That used to bug me. But now for some reason, I’m becoming OK with it.
I do what I do because I love it and because it helps me understand my life, my sense of reality, my conception of art, my knowledge of consciousness. I also have the unmitigated gall to believe that what I am exploring about MY LIFE will be interesting to others as they navigate THEIR LIVES. What a concept, right? But there you have it. You keep going because … well, because you want to get better, you want to get closer … to the quickening moment, the spark that makes us human, the things that unite us as we stumble forward with our arms outreached into the darkness, feeling, fearing, hoping.
I won’t stop. Because this is what I do now, who I am.
My gratitude for life, for being conscious in this particular place at this particular moment in time, has been electrified by the experience of writing the three BALLARD novellas.
And I know that better (not unlike winter) is coming!
Kafka, as a writer, was humble to the point of self-effacement. He told Brod to burn his works, and it was only due to Brod’s betrayal of Kafka’s trust that we have anything of Kafka’s. It is not clear what use he would have had for the Internet, but he might have been happy with its ephemeral nature and its ability to help disguise one’s identity. Of course, Kafka lived in a time when the Imperial secret police kept close tabs on everyone, so he knew about that part of our experience, too.
Jkc—what are your thoughts on Brod? Would you have done the same?
I would — which should be a lesson to you if you make me your literary executor. To burn the works of someone of Kafka’s gifts would be worse than breaking his trust. I would still have to live for the rest of my life with my having betrayed him.

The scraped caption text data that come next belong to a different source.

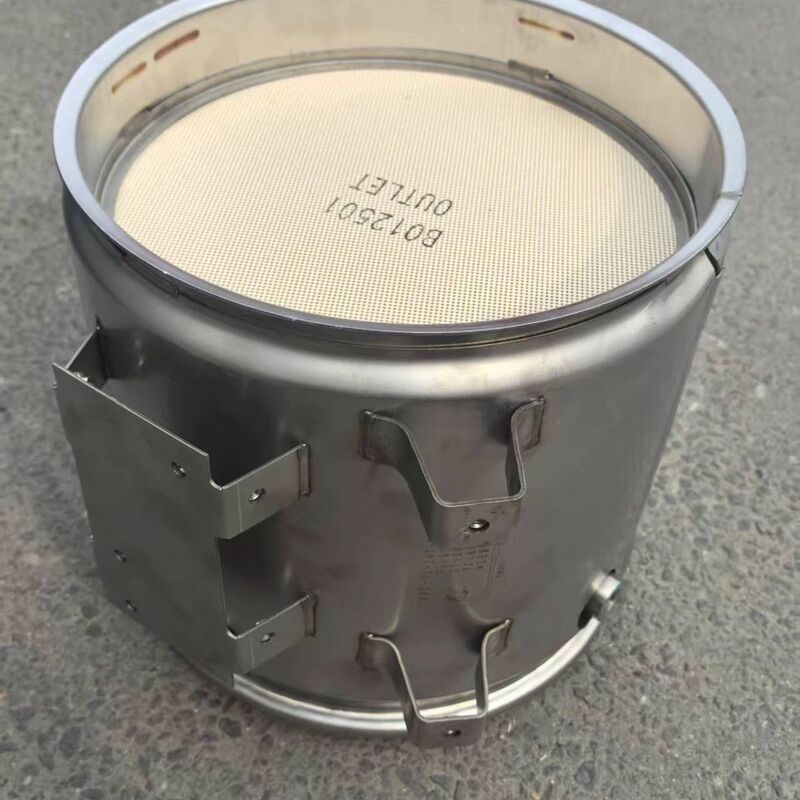 Heavy Duty Truck Howo Dpf Assembly Carrier for Heroic Commander T5 Shandeka Particulate Filter Haoman Weichai National Vi Heavy Duty Truck Howo Dpf Assembly Carrier for Heroic Commander T5 Shandeka Particulate Filter Haoman Weichai National Vi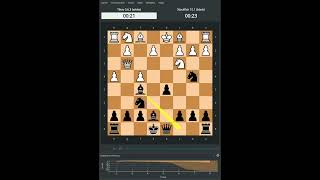 Tikov 111 vs Stockfish 151  Anti Borg Desprez Opening  Hyperbullet Chess [upl. by Wsan]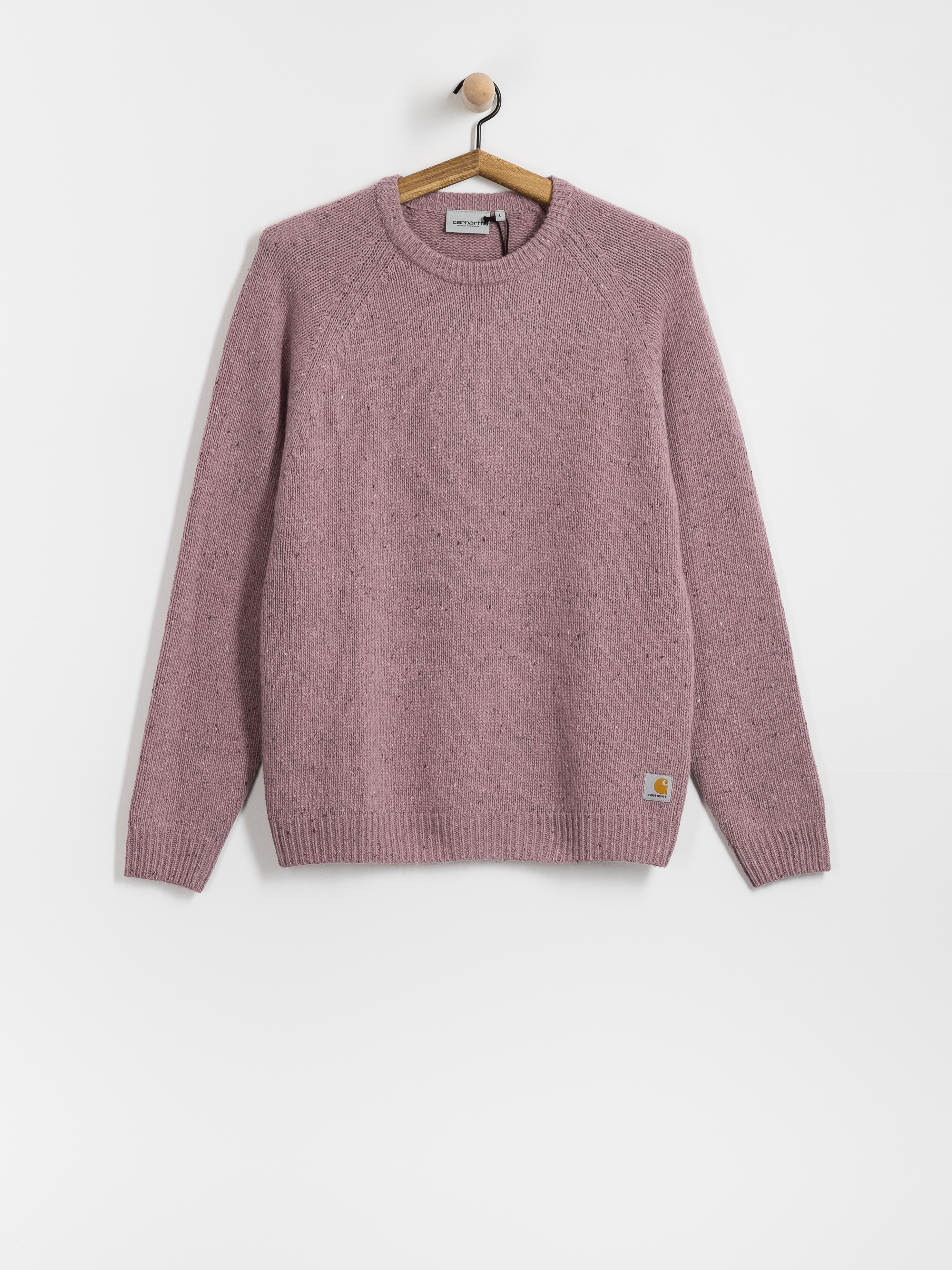 Sweter Carhartt WIP Anglistic (speckled hortensia)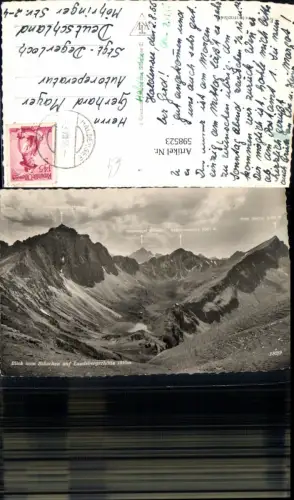598523,Blick v. Schochen auf Landsberger Hütte Tannheim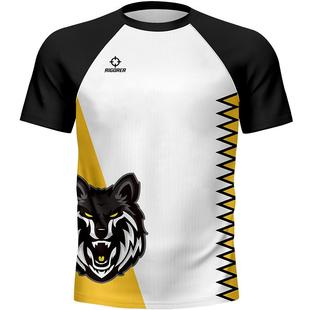 海峡杯 | 准者儿童篮球服运动T恤比赛球衣训练休闲透气短袖上衣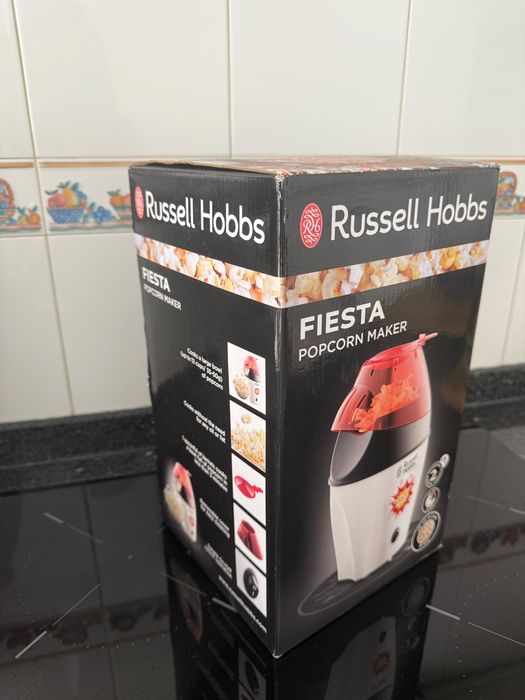 Máquina pipocas sem óleo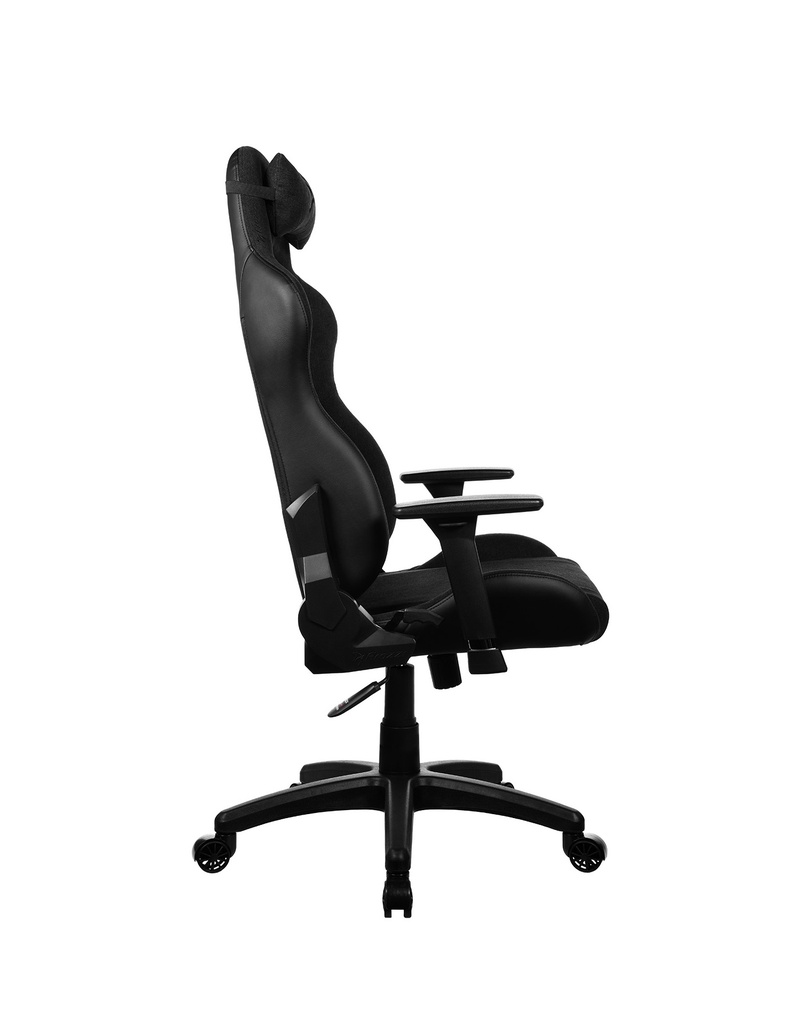 Arozzi Avanti Soft fabric leikjastóll, Pure Black - image 7 [8cc3c29e44]
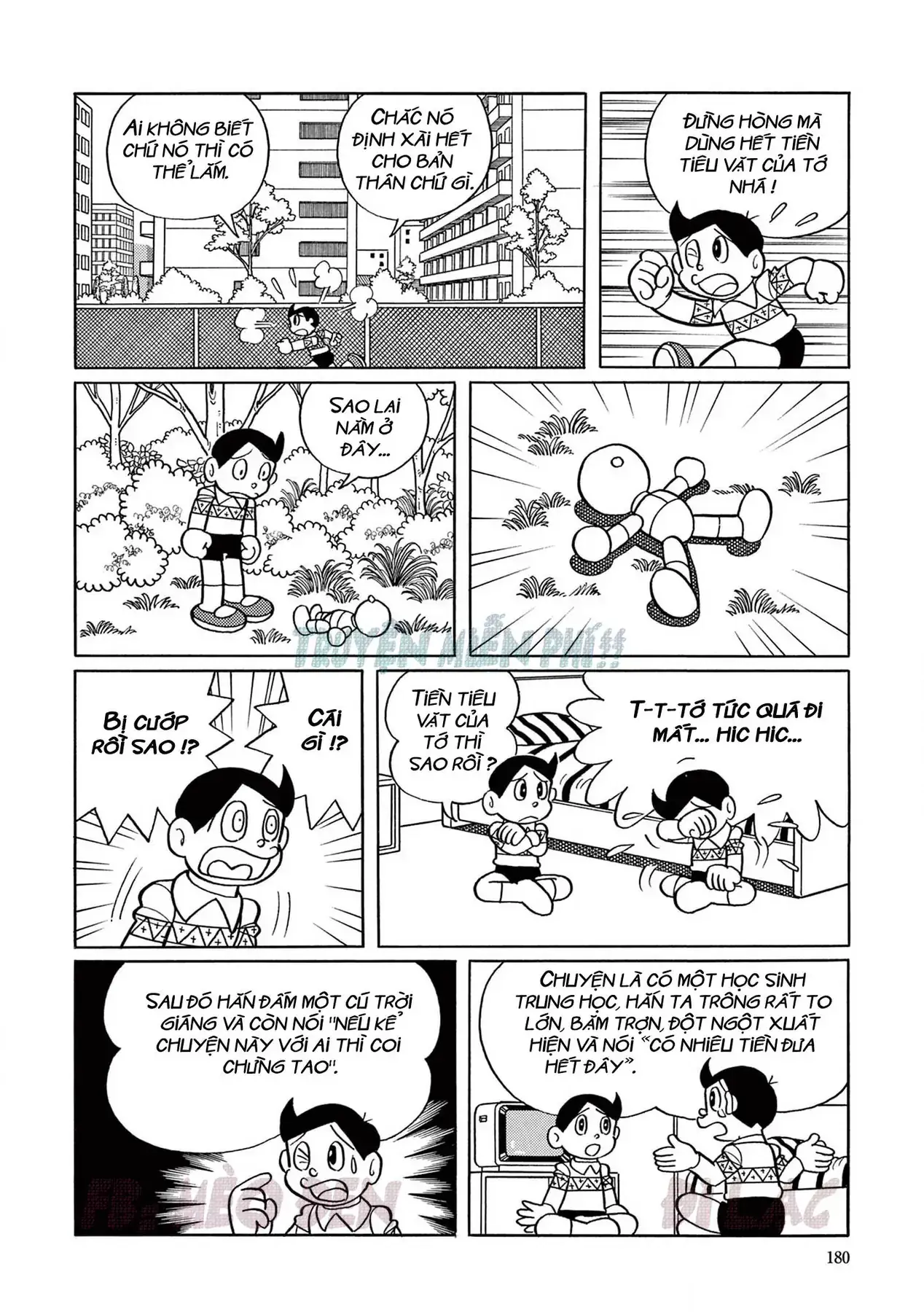 Perman - Đại Tuyển Tập Chapter 96 - Trang 8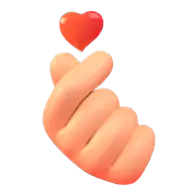 Finger Heart gift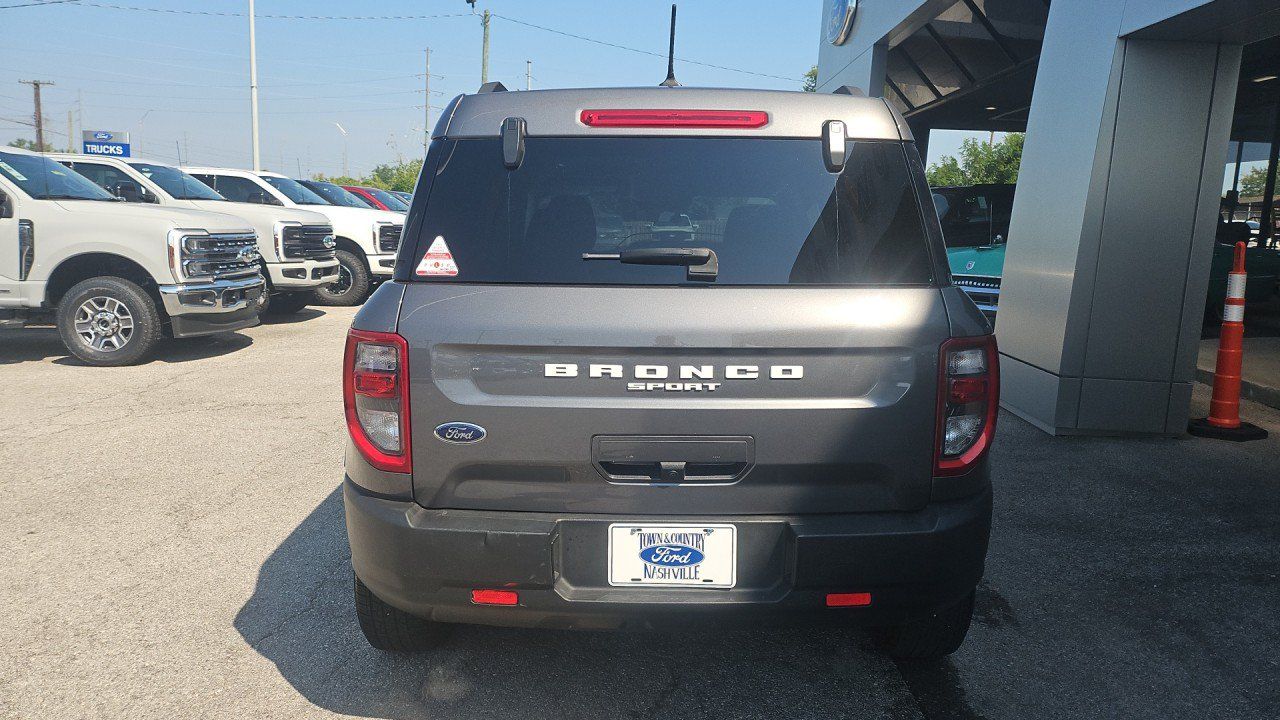 Used 2023 Ford Bronco Sport Big Bend AWD/4WD image 4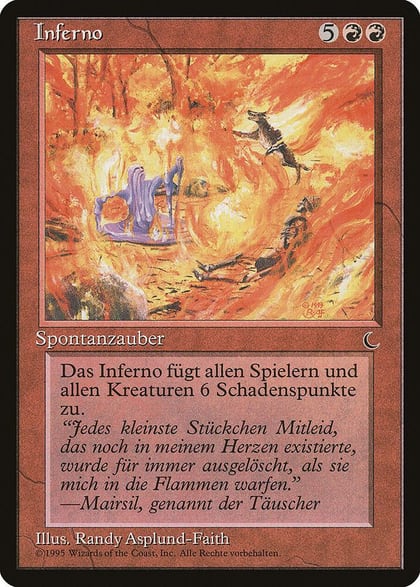 Inferno (German), Renaissance #182292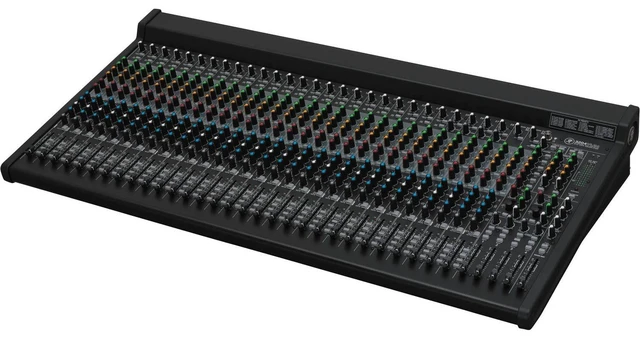 Alt view image 5 of 7 - Mackie 3204VLZ4 32-Channel 4-Bus FX Mixer with USB, Phenyx Pro 4-Channel (PTU-5000A), 2x XLR Cables Bundle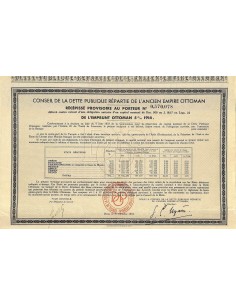 1933 - CONSEIL DE LA DETTE PUBLIQUE REPARTIE DE L'ANCIEN...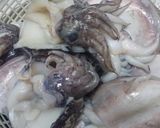 Foto langkah ke 1 dari resep Bala kutak(sotong)saos pedas.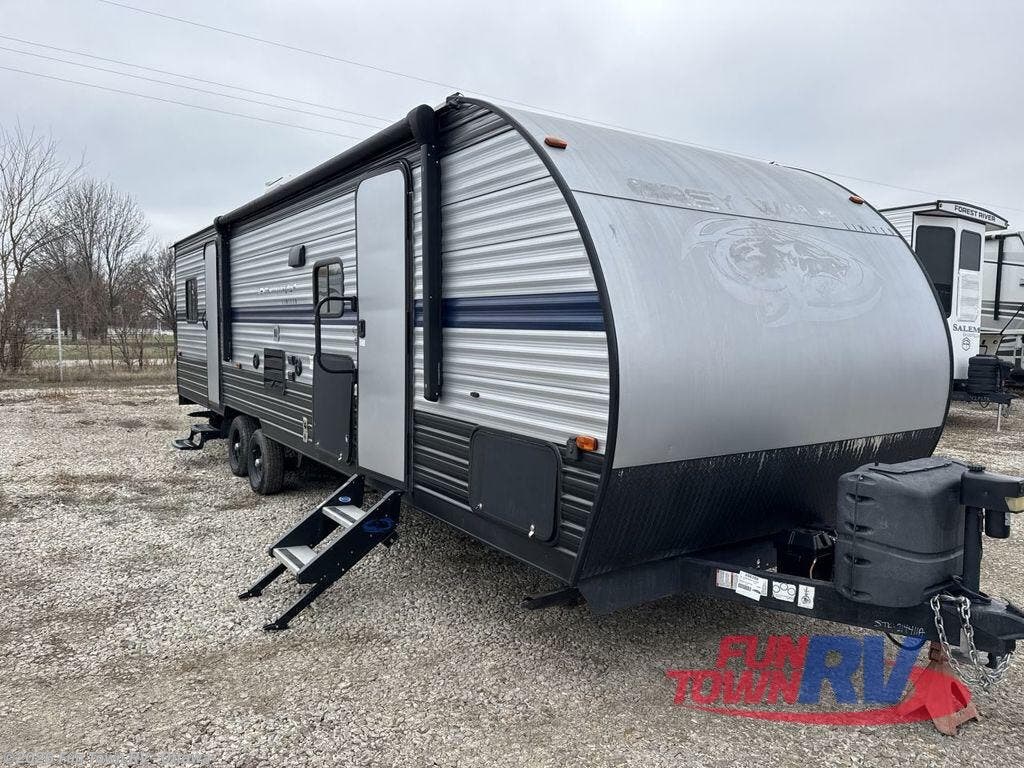 2019 Cherokee Grey Wolf 27RR by Forest River from Fun Town RV - Ottawa in Ottawa, Kansas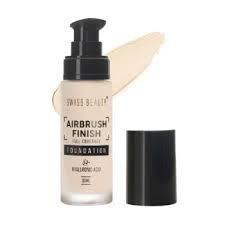 Swiss Beauty Airbrush Foundation Shade 05 Caramel Beige (30ml)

There are almost no arguments in this particular case for doing otherwise … but it’s a conundrum nevertheless. What if Brod had been a less discerning friend and HAD burned the Kafka ms, unaware of their worth? Would that have made him a better friend? Are there any circumstances in which being a better friend SHOULD override the obligation a man or woman of letters might feel toward posterity?
Case by case basis, Mike. There are too many variables. Max Brod — who was actually something of an opportunist, and who introduced many errors and “corrections” into Kafka’s manuscripts — did the right thing, perhaps not for the best reasons. But it was luck. I can think of people whose unpublished work should be suppressed; would I be making the right call? How many matches of great work to sensitive but determined literary executor have there been? We only know what survives. Like the Aeneid.